__Problem requirements__: Only one number is expected here, namely how many lines of the entries below hold the string "Lane".

========================================================================

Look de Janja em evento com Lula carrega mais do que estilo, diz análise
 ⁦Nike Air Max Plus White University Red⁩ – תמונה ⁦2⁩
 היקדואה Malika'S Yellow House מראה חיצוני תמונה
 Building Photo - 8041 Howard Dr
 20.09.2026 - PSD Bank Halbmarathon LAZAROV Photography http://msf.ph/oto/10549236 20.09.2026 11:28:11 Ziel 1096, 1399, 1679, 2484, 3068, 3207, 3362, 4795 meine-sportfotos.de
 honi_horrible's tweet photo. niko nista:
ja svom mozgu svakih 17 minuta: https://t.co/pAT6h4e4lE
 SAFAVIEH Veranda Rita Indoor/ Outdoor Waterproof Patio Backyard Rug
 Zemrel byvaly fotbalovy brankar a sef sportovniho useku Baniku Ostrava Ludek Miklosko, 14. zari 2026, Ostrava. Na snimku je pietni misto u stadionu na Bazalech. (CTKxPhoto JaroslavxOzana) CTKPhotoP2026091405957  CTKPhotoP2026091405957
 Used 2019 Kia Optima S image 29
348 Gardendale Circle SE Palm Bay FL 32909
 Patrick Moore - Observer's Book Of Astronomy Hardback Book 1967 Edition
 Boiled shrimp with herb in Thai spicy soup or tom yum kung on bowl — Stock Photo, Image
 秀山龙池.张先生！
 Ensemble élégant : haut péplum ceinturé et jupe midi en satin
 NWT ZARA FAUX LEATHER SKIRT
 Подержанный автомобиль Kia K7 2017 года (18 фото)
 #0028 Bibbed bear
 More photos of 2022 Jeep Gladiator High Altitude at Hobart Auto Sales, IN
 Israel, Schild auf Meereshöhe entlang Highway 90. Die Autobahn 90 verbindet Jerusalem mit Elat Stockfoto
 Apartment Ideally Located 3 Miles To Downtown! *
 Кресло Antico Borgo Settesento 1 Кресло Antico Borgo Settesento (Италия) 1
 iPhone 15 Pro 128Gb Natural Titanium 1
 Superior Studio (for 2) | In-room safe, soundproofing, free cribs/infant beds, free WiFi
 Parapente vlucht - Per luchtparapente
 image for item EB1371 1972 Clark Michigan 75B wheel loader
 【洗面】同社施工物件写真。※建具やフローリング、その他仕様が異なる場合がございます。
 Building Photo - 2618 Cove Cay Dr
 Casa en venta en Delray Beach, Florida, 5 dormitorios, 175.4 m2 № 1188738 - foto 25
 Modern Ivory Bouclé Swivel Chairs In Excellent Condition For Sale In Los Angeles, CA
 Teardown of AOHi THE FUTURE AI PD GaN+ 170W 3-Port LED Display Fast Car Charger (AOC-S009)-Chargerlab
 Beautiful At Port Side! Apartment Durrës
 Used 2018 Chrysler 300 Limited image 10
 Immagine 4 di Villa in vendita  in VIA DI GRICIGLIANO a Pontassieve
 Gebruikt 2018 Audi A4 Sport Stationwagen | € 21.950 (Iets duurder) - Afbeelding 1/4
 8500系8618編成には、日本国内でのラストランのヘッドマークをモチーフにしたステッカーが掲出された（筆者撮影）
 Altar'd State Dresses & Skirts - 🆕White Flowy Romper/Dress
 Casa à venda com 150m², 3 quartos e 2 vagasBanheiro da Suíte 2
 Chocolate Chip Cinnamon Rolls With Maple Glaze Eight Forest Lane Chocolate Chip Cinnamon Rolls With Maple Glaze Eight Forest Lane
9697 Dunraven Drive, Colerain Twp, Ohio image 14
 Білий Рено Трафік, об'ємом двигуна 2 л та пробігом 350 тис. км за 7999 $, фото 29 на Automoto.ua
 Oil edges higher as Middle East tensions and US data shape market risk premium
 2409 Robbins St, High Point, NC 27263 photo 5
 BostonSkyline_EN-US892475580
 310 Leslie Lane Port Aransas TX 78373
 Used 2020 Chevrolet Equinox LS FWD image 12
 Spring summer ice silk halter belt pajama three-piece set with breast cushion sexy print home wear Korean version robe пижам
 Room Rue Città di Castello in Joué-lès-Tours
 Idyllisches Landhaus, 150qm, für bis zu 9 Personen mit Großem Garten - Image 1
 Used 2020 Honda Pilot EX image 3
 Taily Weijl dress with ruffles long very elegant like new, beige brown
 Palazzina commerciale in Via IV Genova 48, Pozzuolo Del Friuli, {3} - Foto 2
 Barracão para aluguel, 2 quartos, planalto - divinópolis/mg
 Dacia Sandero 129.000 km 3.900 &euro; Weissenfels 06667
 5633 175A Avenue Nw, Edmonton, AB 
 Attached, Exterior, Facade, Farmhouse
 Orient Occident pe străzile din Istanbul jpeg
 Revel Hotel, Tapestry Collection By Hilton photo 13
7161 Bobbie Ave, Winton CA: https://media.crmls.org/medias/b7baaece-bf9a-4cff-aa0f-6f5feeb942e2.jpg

========================================================================

__Written answer__: 2